Here are key dates in the life of U.S. civil rights leader Martin Luther KingJr., the pastor, Nobel Peace Prize winner and preacher of non-violence who was assassinated 50 years ago.
– January 15, 1929: King is born in Atlanta in the southern state of Georgia.
– June 18, 1953: He marries Coretta Scott and they go on to have four children.
– December 1955: A pastor at the Baptist Church in Montgomery, Alabama, King takes the lead of a year-long boycott against racial segregation on local buses. It results in an end to such segregation and earns him a national profile.

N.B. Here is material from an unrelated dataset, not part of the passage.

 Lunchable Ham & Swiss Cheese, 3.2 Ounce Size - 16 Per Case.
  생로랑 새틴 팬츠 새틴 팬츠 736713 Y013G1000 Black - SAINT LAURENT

– April 1963: Arrested after demonstrations against racial segregation, King writes his famous “Letter From a Birmingham Jail” in which he outlines his non-violent resistance to racism.
August 1963: King pronounces his inspiring “I Have a Dream” speech to about 250,000 people at the “March on Washington for Jobs and Freedom.”
– October 1964: Aged 35, he becomes the youngest Nobel Peace Prize winner at the time for his non-violent resistance.
– 1966: King moves to the slums of Chicago to extend the civil rights movement into the north of the country.
– 1967: He denounces the war in Vietnam and expands his campaign against poverty in the United States.
– April 4, 1968: King is assassinated at age 39 by James Earl Ray, who shoots King while he is standing on a motel balcony in Memphis, Tennessee.